Suddenly, I was thinking of Harold and the trick he did with his lighter. And of
the supply of empty cigar tubes he might have accumulated over the course of the
trip. Still too complicated. "I'm beat, Brian. Let's go upstairs."

"Remember, we have to put the suitcases out before we go down to breakfast
tomorrow, to be loaded in the van."

I slumped. I really didn't want to do more organizing so late; it had been a
long, tiring, eventful day. But I resigned myself as I worked; it was a small
price to pay for seeing the world.

After I got into bed, I thought I'd be asleep in an instant. But I stared into
the dark, listening to Brian snore softly. The noises of the air conditioner,
and farther away, barely audible, the elevator and ice machine.

It had been such a wonderful trip, I thought. It's people, really, who can spoil
tourism—

I sat up and switched on the light, took out my tablet computer to check
something. I spent another couple of hours thinking, then shook Brian.

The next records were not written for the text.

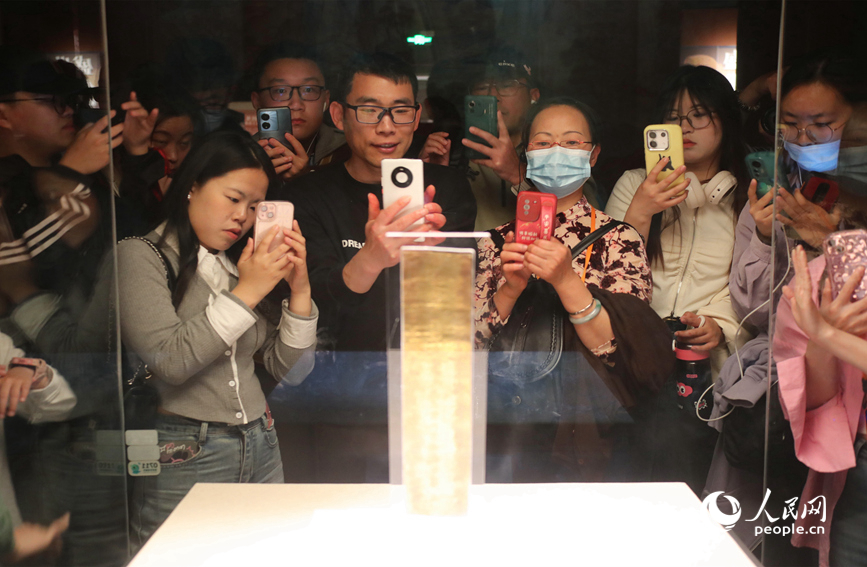 游客在河南博物院参观。人民网 霍亚平摄
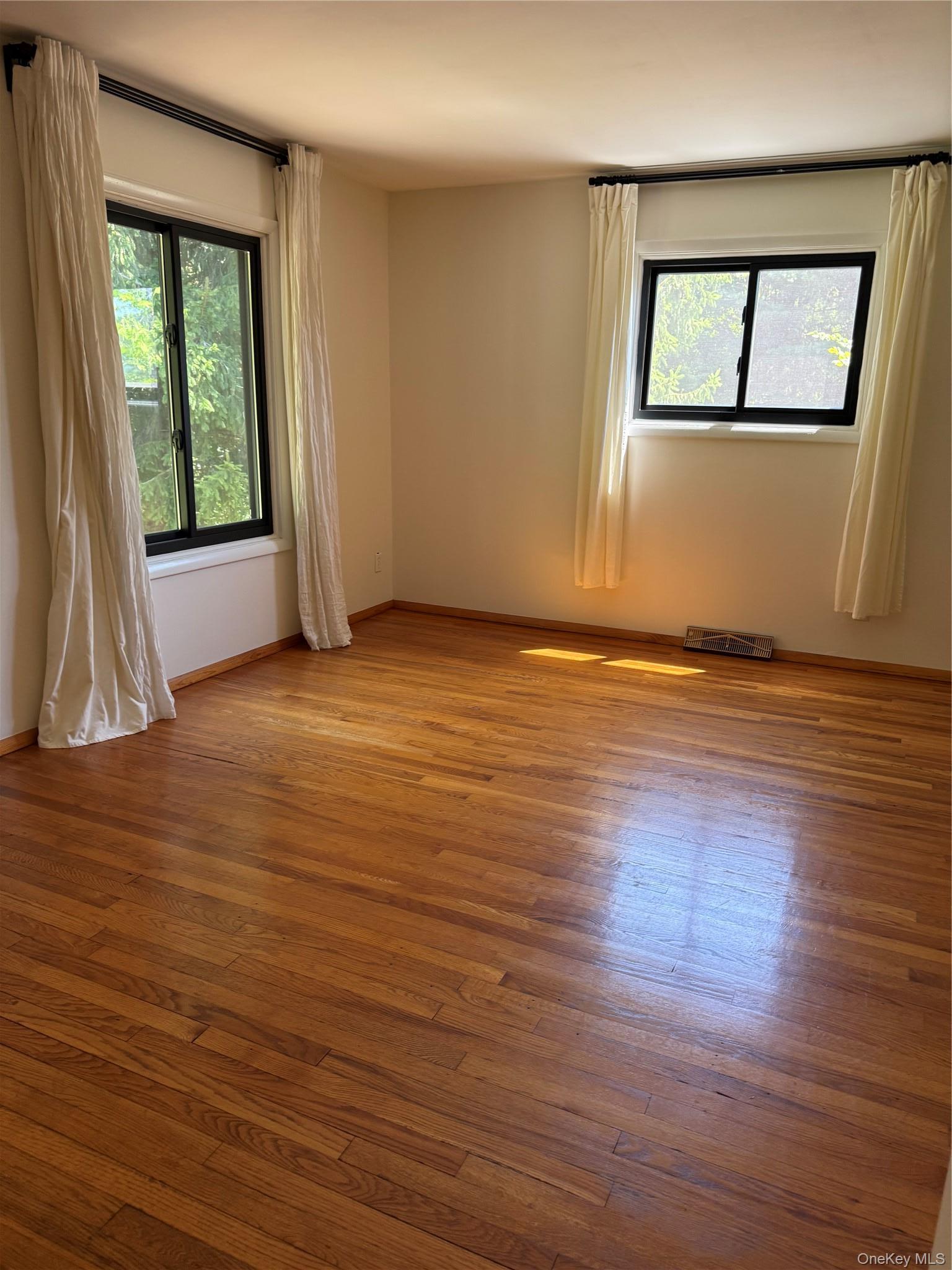 Single Family Cumberland Road  Dutchess County, NY 12524, MLS-1049774-11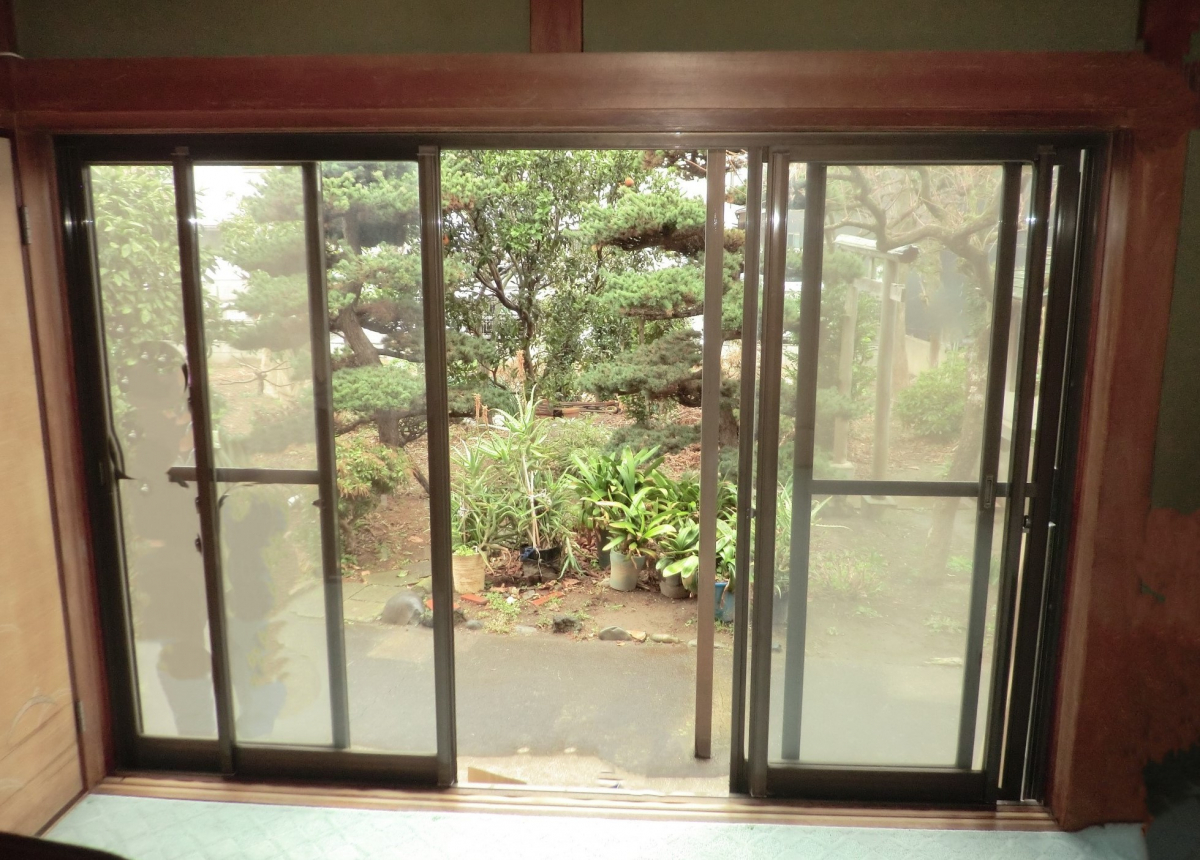 県南サッシトーヨー住器の近年値上がり傾向の電気代を節約するご提案。住宅省エネ2024キャンペーンで窓リフォームしませんか?の施工前の写真2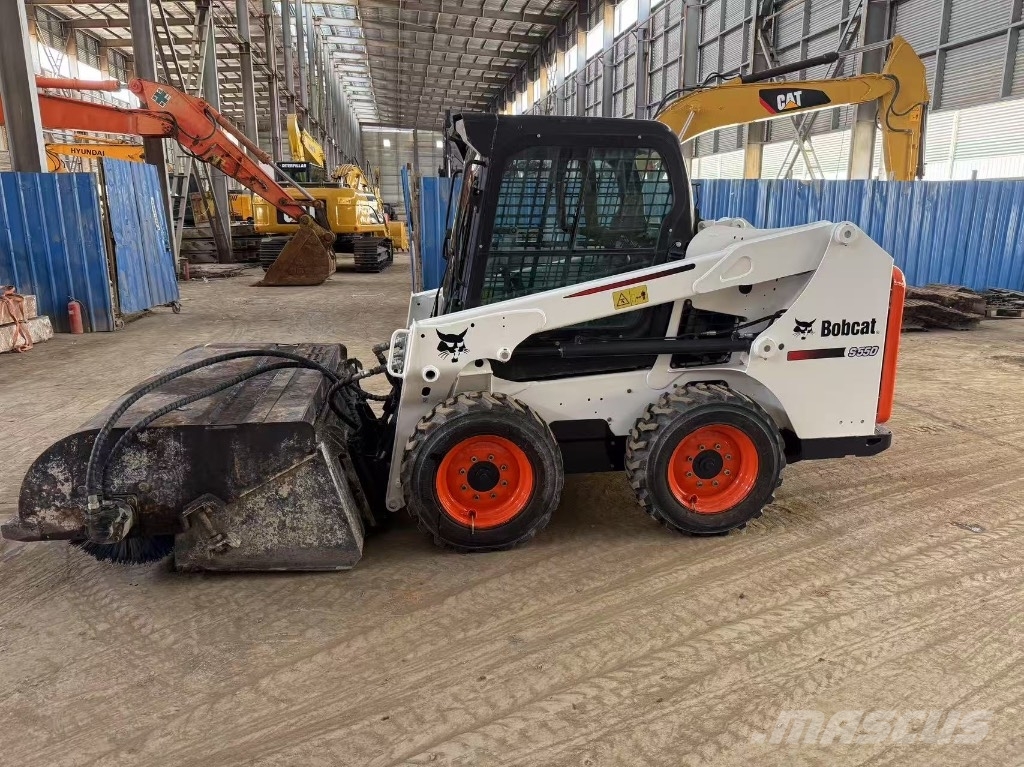 Bobcat S 550 Liukuohjatut kuormaajat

"'Mup," he said. He squinted against the light. "Time 'zit?"

"It's not time to get up, yet," I said. "What do you know about
‘Ozymandias'?"

When he realized it really was the middle of the night, and there was no
emergency, he sighed and rubbed his eyes. "Are you kidding me?"

"Nope."

"Emma, what are you talking about?"

"The theft. I don't want to be a suspect. I've been there, I don't like the
feeling. I don't want Lale to get into trouble, she's been too good to us. And I
don't want the museum to lose its excellent artifacts and good reputation. What
do you know about ‘Ozymandias'?"

"He didn't build the tomb on Mount Nemrut," Brian said, rubbing his eyes.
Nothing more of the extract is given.